Investment Approach

Investment philosophy

The company invests in the global financial markets using the quantitative and full-system approach.

Our investment philosophy is based on four principles that aim to provide our customers with excellent risk-adjusted returns (our investment philosophy is based on four principles, the purpose of which – to provide our customers with an excellent yield, adjusted for risk).

Disclaimer: These investment products come with a significant risk of loss.

Investment process

Due to our experience in researching and developing new trading strategies, we are constantly improving our own investment process in order to offer our clients innovative products.

1. Data collection

At the first stage of the investment process, we collect data from various traditional and alternative sources.

To maximize our chances of finding new sources of alpha analysis, we look at multiple datasets at once, including financial, fundamental, macroeconomic, government, and alternative sources.

This allows us to delve deeper into the operation of financial markets and test our hypotheses in a comprehensive way to implement adaptive strategies in the next stages of our development structure.

2. Data cleaning

We use patented automated algorithms to clean massive amounts of data. Our data scientists oversee automated cleanup procedures to ensure that the datasets are clean and can be further used by our quantitative researchers.

3. Data analysis

To search for alpha signals, our quantitative researchers analyze the datasets processed in the previous step using sophisticated and advanced statistical techniques.

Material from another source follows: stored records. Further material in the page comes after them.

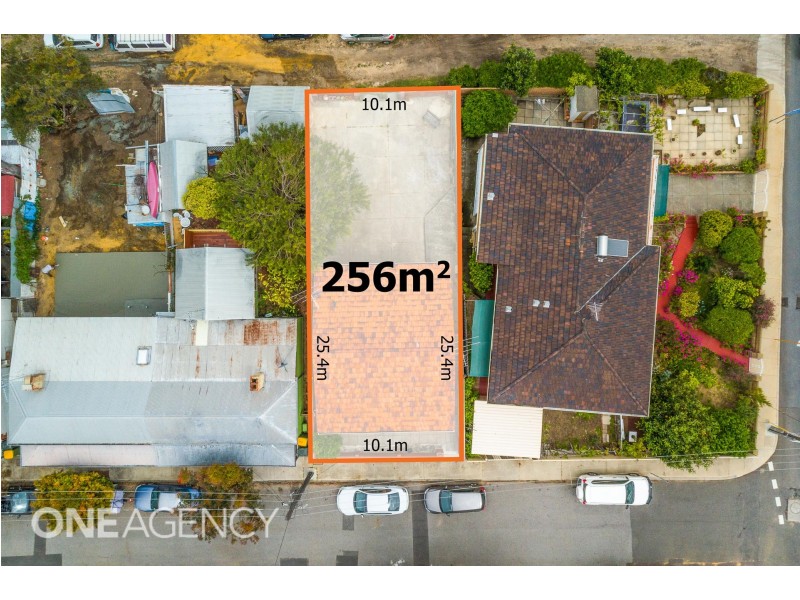 1 Reuben Street, Beaconsfield WA 6162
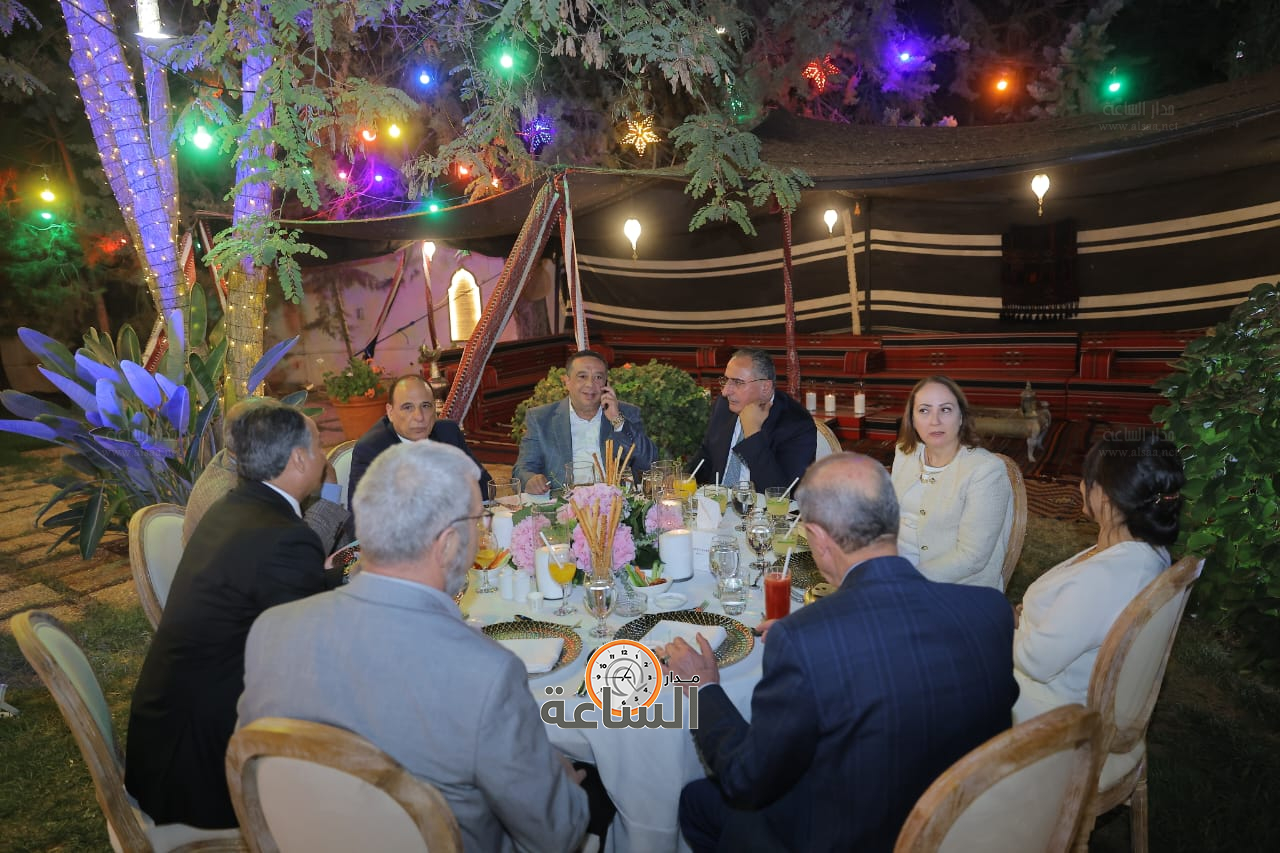 Madar Al-Saa Images 0.14374265135718944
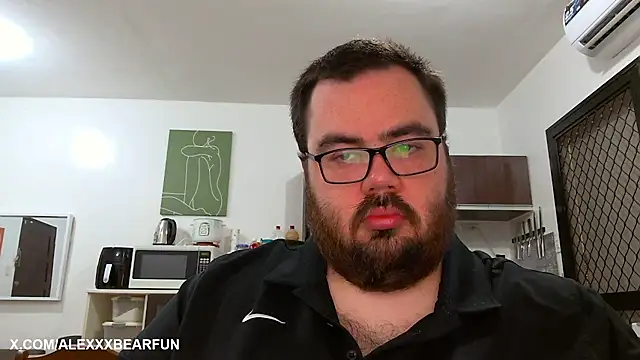 Snapshot of alexxxbear chatting on 22, 2, 2025 alexxxbear online show from 22, 2, 2025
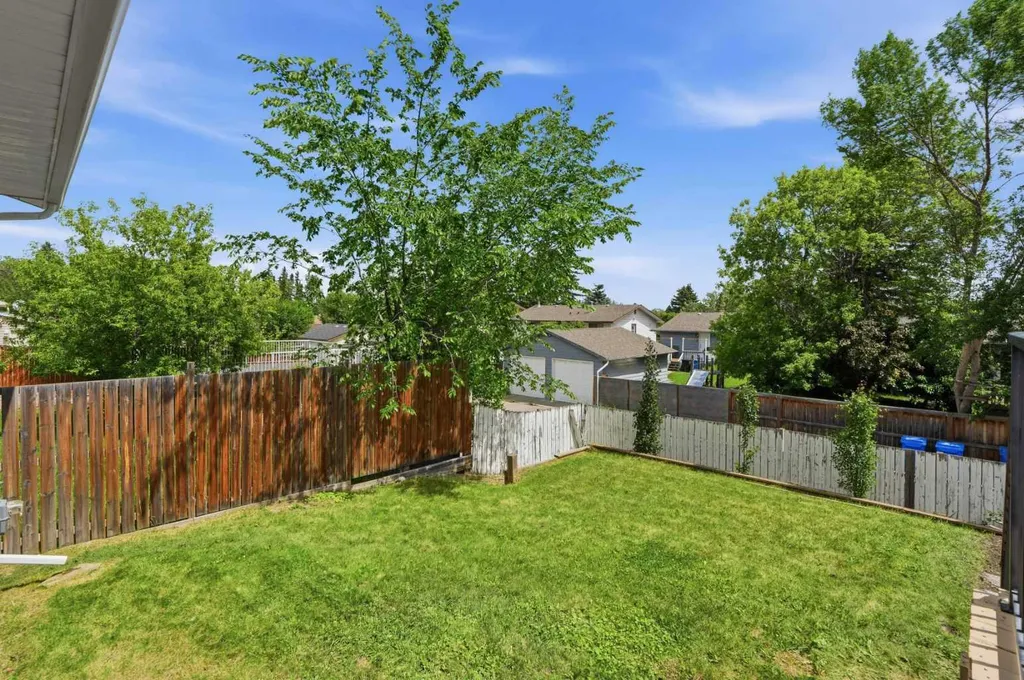5048 Whitestone Way NE Calgary AB T1Y 1T1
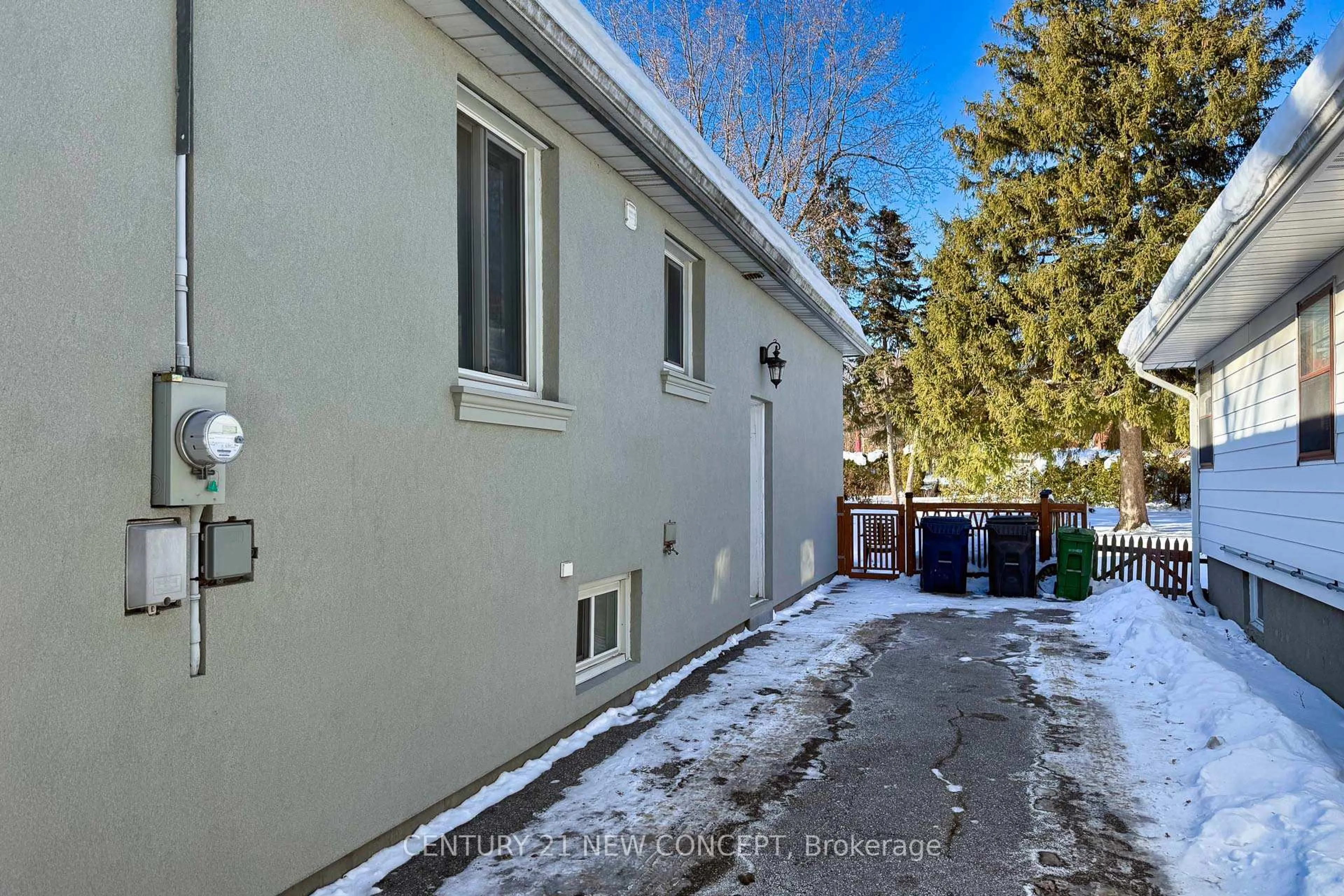 A pic from outside/outdoor area/front of a property/back of a property/a pic from drone, street for 186 Hendon Ave, Toronto Ontario M2M 1A7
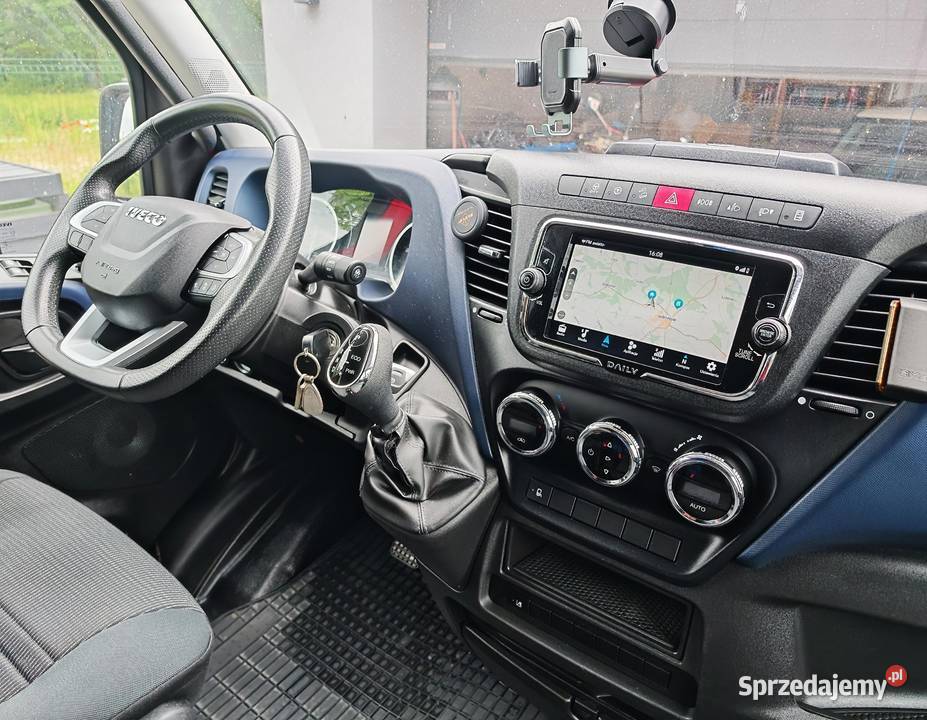 Iveco Daily 30D 180 AUTOMAT Laweta Salon Polska tempomat Jędrzejów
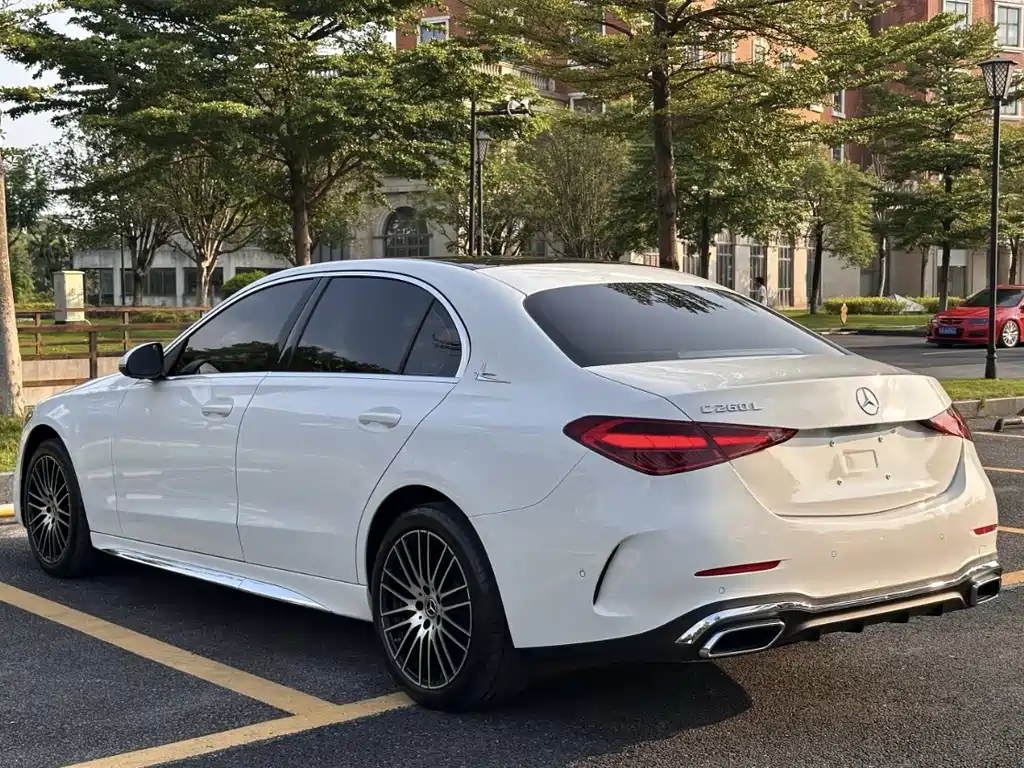 Mercedes-Benz C-Class — миниатюра 12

This step is a key difference, as alpha signals are difficult to detect, and as a consequence, it is important to have an excellent team of quantitative researchers who can uncover hidden investment opportunities using massive amounts of data.

4. Testing on historical data

After an accurate and comprehensive analysis of the data, our quanta apply the scientific method to financial data.

We test our hypotheses by experimentation on historical data with long time series data spanning several decades.

By accepting long historical data sets, we reduce bias when testing against historical data and increase the likelihood of our investment strategies being robust in different market conditions.

5. Pilot test

This step is very important because it increases the likelihood that the strategy will perform as expected in real market conditions and gives us time to correct potential technology problems before production begins.

6. Production

After making sure that the profitability of the pilot trade matches the backtesting results and our expectations, our investment group allows our clients to invest in a new investment product.

Disclaimer: These investment products come with a significant risk of loss.